In late 2014, Planning for Burial’s Thom Wasluck left the red house in New Jersey he’d called home for the last decade to return to his childhood bedroom in the mountains of Pennsylvania. Back in the house where he grew up, Thom found himself cut off from the familiarities of the previous decade as he put himself to work in the family trade. The monotony of routine quickly set in; work, home, and alcohol day after day became the norm. The childhood room that had given birth to his primordial four-track recordings was now a place of emptiness. These conditions set the stage for Planning For Burial’s third full-length, Below the House.
In terms of genre, Planning for Burial is often simply characterized as “gloom,” which can be seen as blend of slowcore, shoegaze, doom, 90s alt rock and drone, and Below the House offers nine sullen and frequently heavy songs that brim with nostalgia and suburban ennui. It is a return to form of sorts to Planning for Burial’s beloved first album, 2010’s Leaving– an introverted work characterized by its heavy dynamics and personal obsessions. Likewise Below the House is a work that feels just as private, as it was created in the dark and not expressed in Wasluck’s day to day life.

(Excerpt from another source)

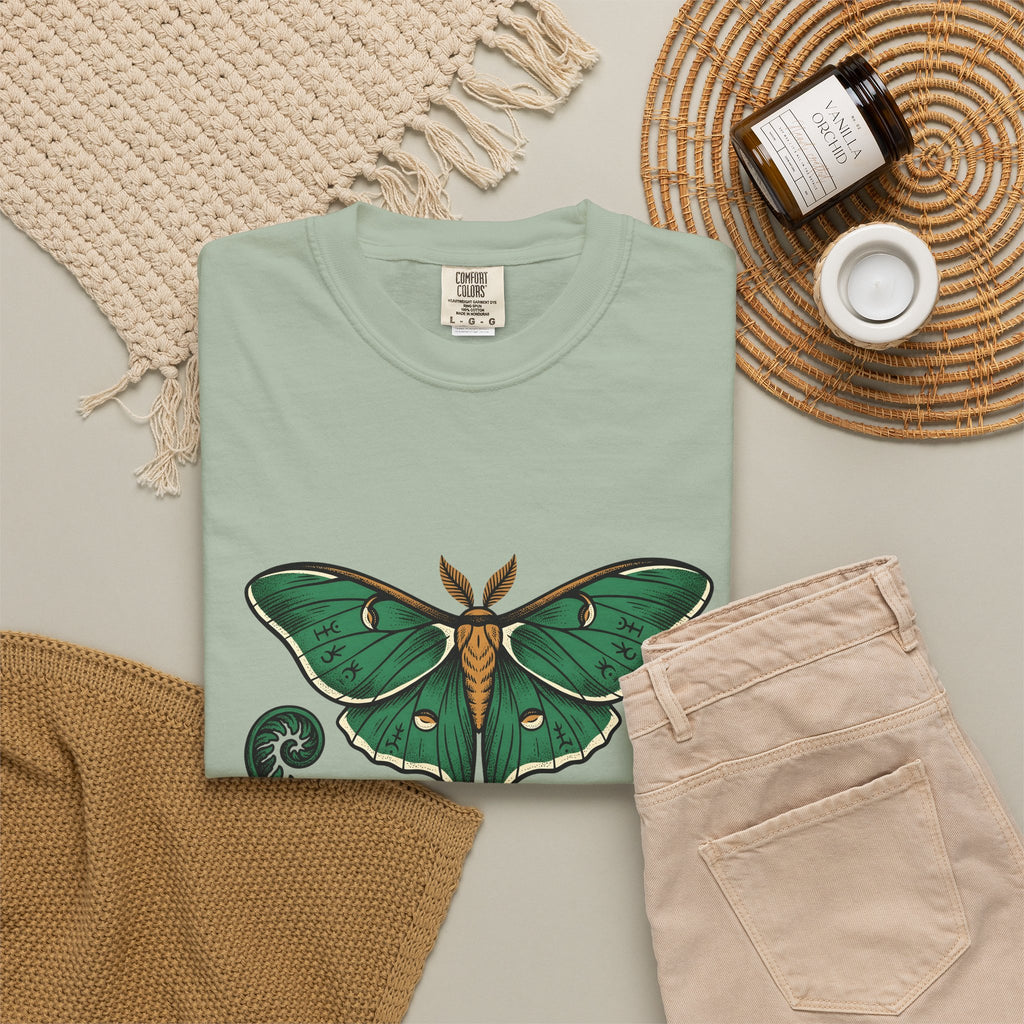 Luna Bug T-Shirt Boho Chic Environment Gift Women Antique T-Shirt Firefly T-Shirt Bohemian Fan Vintage T-Shirt Eco Graphic Line Art Greenery T-Shirt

Since the beginning, Planning for Burial has been a solo endeavor. Thom has been recording music himself and touring extensively as one-man band, playing hundreds of shows in DIY spaces and nightclubs, where he has shared the stage with acts like Deafheaven, King Woman and Chelsea Wolfe. Both incredibly loud and intimate, Planning for Burial plays with an unrivaled passion and funereal grace that is equally at home in basements and large venues.